All lines from the one that mentions "Fue Before and After | Dr. Jeffrey Wise" through the last of the entries below must be copied exactly, with both ends kept.

▸ **Stored items**
.....

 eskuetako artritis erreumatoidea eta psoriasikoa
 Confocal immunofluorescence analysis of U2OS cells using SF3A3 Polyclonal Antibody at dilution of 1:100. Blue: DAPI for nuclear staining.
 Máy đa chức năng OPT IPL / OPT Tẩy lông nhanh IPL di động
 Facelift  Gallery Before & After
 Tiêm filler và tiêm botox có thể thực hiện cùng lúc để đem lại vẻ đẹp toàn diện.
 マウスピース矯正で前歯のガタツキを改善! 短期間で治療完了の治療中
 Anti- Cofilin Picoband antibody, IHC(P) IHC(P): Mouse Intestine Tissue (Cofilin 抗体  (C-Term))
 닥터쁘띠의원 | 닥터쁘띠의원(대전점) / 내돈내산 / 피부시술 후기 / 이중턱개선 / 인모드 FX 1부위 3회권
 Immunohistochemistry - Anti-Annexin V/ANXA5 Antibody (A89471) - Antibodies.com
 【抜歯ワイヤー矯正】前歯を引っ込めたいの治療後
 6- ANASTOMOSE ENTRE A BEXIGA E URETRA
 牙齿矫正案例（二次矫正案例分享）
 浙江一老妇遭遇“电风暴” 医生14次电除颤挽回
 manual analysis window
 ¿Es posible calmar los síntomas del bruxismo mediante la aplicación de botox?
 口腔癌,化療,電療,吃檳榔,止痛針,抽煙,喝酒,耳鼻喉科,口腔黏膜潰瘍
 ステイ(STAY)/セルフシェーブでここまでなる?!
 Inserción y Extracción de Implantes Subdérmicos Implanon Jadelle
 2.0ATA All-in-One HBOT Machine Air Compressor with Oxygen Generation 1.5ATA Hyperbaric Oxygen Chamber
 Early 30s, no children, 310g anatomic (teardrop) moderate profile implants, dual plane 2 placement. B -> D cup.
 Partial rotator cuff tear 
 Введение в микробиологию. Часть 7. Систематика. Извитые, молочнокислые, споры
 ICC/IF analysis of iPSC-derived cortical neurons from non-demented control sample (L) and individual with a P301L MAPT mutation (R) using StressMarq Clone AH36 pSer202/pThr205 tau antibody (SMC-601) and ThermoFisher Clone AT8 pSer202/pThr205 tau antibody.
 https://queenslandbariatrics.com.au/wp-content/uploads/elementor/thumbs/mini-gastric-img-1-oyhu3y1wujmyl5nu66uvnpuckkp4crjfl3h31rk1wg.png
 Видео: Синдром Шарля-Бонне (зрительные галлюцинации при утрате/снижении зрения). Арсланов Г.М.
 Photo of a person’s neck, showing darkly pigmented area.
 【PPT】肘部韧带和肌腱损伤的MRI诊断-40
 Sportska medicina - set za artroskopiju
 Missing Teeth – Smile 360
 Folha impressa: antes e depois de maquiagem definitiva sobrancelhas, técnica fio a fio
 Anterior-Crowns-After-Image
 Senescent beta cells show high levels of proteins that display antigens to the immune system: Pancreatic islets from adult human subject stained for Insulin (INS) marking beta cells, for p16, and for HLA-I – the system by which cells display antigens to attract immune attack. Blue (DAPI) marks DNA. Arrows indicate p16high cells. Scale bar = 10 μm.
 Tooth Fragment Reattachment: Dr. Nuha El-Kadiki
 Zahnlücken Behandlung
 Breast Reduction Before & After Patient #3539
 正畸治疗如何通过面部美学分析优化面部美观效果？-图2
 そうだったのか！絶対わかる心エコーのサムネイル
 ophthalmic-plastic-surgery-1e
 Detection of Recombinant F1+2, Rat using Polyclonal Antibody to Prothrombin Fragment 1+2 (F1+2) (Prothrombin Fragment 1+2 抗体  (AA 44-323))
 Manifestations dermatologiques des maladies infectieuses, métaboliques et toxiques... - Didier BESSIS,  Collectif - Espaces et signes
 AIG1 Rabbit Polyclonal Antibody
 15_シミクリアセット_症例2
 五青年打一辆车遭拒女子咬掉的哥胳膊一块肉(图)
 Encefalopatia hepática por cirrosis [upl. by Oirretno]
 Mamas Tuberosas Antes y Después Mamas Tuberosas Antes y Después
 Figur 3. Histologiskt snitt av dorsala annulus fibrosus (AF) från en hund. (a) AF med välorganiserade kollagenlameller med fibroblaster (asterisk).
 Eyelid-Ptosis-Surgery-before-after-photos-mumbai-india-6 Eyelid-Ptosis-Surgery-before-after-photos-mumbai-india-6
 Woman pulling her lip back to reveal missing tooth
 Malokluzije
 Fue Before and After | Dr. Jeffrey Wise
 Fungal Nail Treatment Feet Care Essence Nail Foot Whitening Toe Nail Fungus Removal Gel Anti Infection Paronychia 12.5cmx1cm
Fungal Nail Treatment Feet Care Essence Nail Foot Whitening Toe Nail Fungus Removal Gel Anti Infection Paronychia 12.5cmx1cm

.....

▸ **Written solution**
 Fue Before and After | Dr. Jeffrey Wise
 Fungal Nail Treatment Feet Care Essence Nail Foot Whitening Toe Nail Fungus Removal Gel Anti Infection Paronychia 12.5cmx1cm
Fungal Nail Treatment Feet Care Essence Nail Foot Whitening Toe Nail Fungus Removal Gel Anti Infection Paronychia 12.5cmx1cm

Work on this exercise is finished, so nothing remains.